(TASK DETAILS) Locate and copy each line in the data that contains the word "flooring".

(DATASET EXCERPTS)
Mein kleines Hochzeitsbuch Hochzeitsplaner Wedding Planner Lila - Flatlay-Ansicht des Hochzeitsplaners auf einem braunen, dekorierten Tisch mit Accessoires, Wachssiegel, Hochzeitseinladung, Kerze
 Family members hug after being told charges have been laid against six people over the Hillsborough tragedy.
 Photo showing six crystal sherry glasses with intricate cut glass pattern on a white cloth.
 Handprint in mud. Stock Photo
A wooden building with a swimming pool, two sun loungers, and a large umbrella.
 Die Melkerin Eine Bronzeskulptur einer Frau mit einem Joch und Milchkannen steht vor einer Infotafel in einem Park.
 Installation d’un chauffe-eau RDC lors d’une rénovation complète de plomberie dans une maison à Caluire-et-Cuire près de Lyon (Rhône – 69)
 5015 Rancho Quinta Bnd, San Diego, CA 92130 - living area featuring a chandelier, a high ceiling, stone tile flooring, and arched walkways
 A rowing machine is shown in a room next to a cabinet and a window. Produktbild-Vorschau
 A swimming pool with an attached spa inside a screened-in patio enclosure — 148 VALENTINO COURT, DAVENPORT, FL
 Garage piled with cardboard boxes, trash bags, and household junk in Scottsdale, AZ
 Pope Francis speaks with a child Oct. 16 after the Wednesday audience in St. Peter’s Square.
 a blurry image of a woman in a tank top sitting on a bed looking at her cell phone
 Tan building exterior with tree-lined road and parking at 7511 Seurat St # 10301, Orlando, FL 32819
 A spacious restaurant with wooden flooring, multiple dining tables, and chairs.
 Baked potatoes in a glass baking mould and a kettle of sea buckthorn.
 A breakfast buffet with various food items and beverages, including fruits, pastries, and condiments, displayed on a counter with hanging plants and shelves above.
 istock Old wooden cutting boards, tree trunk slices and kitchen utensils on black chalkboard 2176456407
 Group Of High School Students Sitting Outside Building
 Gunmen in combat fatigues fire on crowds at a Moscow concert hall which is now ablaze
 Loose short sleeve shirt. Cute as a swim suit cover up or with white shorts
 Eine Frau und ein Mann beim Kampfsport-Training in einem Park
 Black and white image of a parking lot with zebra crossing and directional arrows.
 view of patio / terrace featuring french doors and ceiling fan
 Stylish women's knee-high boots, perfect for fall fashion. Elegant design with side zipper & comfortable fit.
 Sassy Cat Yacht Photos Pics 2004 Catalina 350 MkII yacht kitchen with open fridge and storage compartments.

(SOLUTION FOR THIS EXERCISE)
 5015 Rancho Quinta Bnd, San Diego, CA 92130 - living area featuring a chandelier, a high ceiling, stone tile flooring, and arched walkways
 A spacious restaurant with wooden flooring, multiple dining tables, and chairs.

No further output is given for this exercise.